El miércoles pasado, al recoger a Telmo del cole, hacía una tarde estupenda. Nada más salir a la calle, Telmo agarró una hoja del suelo y un palo. El palo, normal. Lo utiliza para explorar sonidos y texturas, sumergiéndolo en charcos, golpeando farolas, hojas y piedras, y para atizarme con él. La hoja, por el contrario, era especialmente irrelevante. No era una hoja bonita con forma de hoja, ni una hoja seca de la que extraer un crujido, desmenuzar y echar a volar al viento. Era una especie de hoja fallida. Arrugada por el tiempo, sobre sí misma, de forma grotesca. Había perdido su silueta original asemejándose más a un muñón con trazas de moho y restos de larvas. Sin embargo, aún conservaba el pedúnculo intacto, lo que permitió a Telmo hacerse con ella sin destruirla.
Esa tarde hicimos un recorrido amplio para llegar a casa. Subimos al autobús y nos bajamos en la carretera para cruzar por la pasarela, subiendo y bajando a toda velocidad por las prolongadas rampas de acceso. Callejeamos hasta la plaza para ver las cigüeñas en vuelo rasante y escuchar sus característicos chasquidos que imitamos con deleite. “Catacatacataca”. Estrujamos el fruto redondo de los árboles, comprobando con la nariz el persistente hedor que su interior deja en los dedos al salir.
Más tarde, en el parque, las manos de Telmo aún conservaban el palo y la misteriosa hoja.
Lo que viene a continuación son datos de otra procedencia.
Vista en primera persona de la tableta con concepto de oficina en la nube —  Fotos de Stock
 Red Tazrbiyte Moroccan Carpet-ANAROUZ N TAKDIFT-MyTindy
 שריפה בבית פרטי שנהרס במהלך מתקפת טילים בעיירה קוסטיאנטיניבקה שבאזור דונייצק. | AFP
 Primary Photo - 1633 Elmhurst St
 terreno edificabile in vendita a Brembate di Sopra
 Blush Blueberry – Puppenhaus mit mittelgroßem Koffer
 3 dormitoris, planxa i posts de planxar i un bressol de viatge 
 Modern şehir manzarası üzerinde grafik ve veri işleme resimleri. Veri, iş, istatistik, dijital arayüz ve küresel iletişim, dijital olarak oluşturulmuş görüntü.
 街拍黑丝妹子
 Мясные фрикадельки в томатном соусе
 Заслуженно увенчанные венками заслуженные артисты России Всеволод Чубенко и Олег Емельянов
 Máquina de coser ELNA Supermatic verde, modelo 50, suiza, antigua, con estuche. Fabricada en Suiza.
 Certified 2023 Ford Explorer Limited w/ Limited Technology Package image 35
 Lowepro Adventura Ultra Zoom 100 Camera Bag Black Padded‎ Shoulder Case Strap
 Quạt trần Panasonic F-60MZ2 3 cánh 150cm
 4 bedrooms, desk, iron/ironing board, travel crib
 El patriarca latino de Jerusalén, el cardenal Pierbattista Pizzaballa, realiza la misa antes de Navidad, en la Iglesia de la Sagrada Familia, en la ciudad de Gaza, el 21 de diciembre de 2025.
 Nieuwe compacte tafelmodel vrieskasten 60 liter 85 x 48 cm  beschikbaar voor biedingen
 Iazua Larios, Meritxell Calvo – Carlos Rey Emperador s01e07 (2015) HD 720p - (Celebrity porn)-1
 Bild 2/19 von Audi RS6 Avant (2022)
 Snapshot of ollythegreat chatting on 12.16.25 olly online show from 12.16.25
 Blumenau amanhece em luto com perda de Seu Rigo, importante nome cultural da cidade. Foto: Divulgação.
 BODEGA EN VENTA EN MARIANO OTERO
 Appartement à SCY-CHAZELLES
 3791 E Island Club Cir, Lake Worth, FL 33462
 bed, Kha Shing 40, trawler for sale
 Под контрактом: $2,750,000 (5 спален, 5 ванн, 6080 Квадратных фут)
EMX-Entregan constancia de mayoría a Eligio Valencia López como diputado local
Pero Telmo necesitaba sus manos para subir al columpio y me ofreció, delicadamente, la custodia de sus posesiones.
Dos días después, al ponerme la cazadora, he descubierto los restos de la hoja que, finalmente, sucumbió a los rigores de mi bolsillo, quedando fragmentada e irrecuperable, y no he sido capaz de tirarla a la basura.